Hi Simon,

>> With Shake, it's possible to run it single threaded and dump a list of
>> all system commands performed. With a little bit of care (you couldn't
>> use your Haskell Shake code to query the global environment in
>> non-obvious ways), this could be used as the initial bootstrap. It's
>> not been done before, but I see no reason it won't work.
>>
>> Yhc died because of build system choice, but I'm sure that won't
>> happen to GHC - it will just suck away fun and valuable Haskell
>> hacking time. But Shake has other benefits, such as profiling. With
>> detailed profile statistics about your build system you can usually
>> make sensible modifications and get some build time performance
>> improvement. Similarly, I'm sure Shake would increase the parallelism
>> of the build.
>
> I remember you made that claim before, but I don't remember the reasoning
> for it - why do you think there's more parallelism to be extracted?  As far
> as I know we already give make a pretty accurate dependency graph, the only
> place where we are a bit innaccurate is in the dependencies between the
> configure steps for packages, but those are quite a small part of the
> overall build time.  Oh, and we could calcualte dependencies on Haskell
> source files individually rather than all at once, but that really only
> impacts rebuilds, and it could be fixed.
>
> Perhaps make's scheduling algorithm is suboptimal for our graph.  I seem to
> recall Shake does some kind of random scheduling, is that right?

There are a number of reasons I think Shake would be faster:

* Random scheduling is a big win (~20% I think), since it tends to
interleave disk heavy and CPU heavy work.

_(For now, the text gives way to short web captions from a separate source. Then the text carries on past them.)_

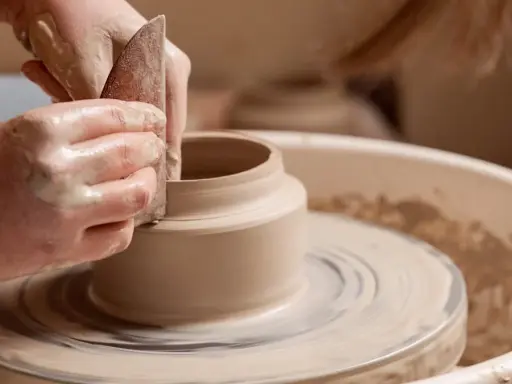Mains argileuses façonnant un vase sur un tour, une scène d'inspiration peinture céramique.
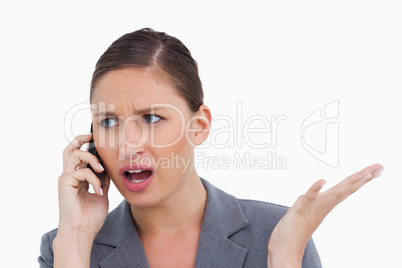 Close up of irritated tradeswoman on her cellphone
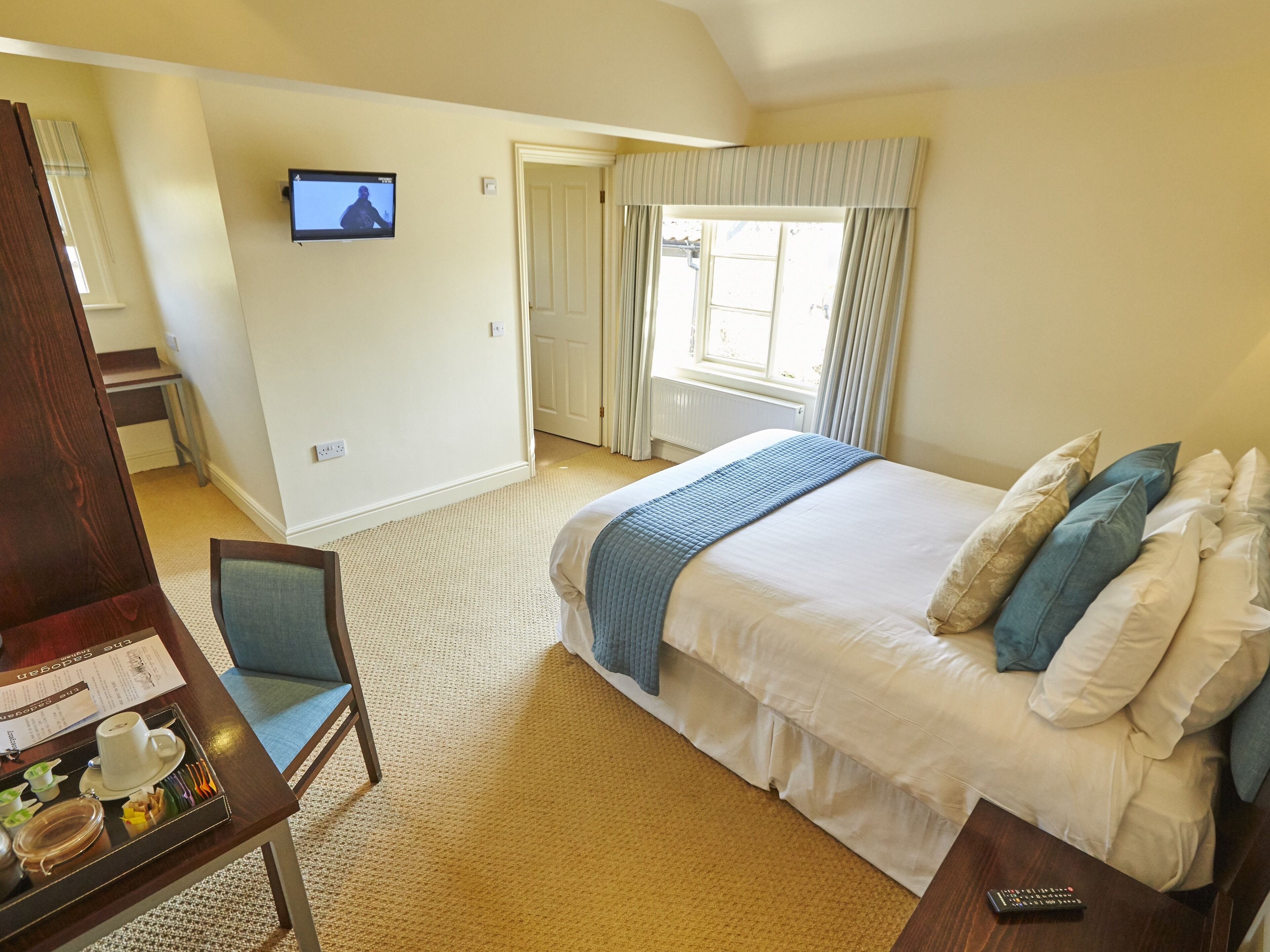 A hotel room with a bed, a desk with a tray of breakfast items, a TV on the wall, and a window with curtains.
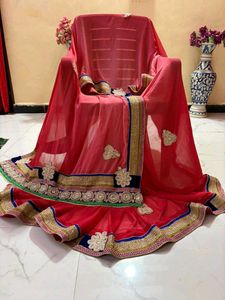 Elegant Red Embroidered pearl work Saree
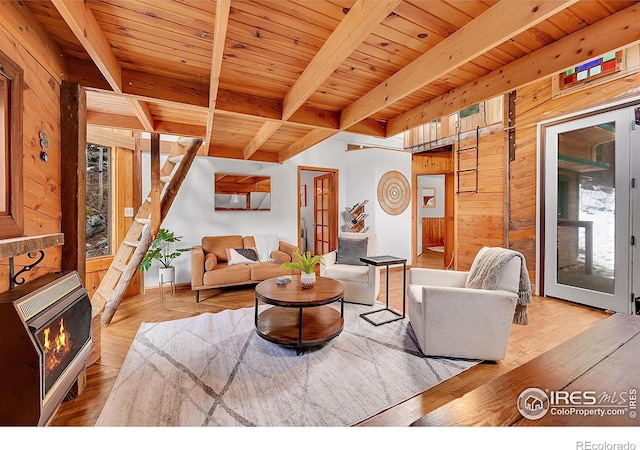 living area featuring wooden ceiling, beamed ceiling, and heating unit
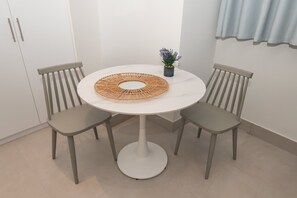 Una mesa redonda con un centro de mesa tejido, dos sillas, una pequeña planta en maceta y un armario blanco.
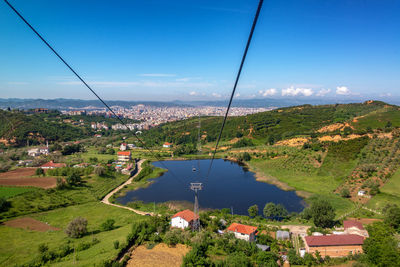 Aerial view of townscape against sky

Ian's suggestion of
"remembering" how long a task takes is a lot of work, but randomness
tends to paper over any discrepancies quite nicely.

* Shake can extract the maximum parallelism from a task, whereas I've
seen make doesn't do as well.

* I've previously heard that GHC doesn't really use all the CPU's
available while compiling? If that's true, then I suspect Shake could
push it up closer to 100%, or at least using the Shake profiling tools
you could figure out where the bottlenecks are. Getting Shake to max
out at least one of the disk/memory/CPU hasn't been very difficult
whenever I've tried it.

* GHC currently proceeds in phases, which naturally cause complete
serialisation, with Shake you might be able to accurately interleave
the phases (although perhaps you really do need all of phase 1
complete before starting on phase 2).

But my basic experience is that Shake gives really good parallelism,
whereas make usually doesn't do as well - I just don't trust make.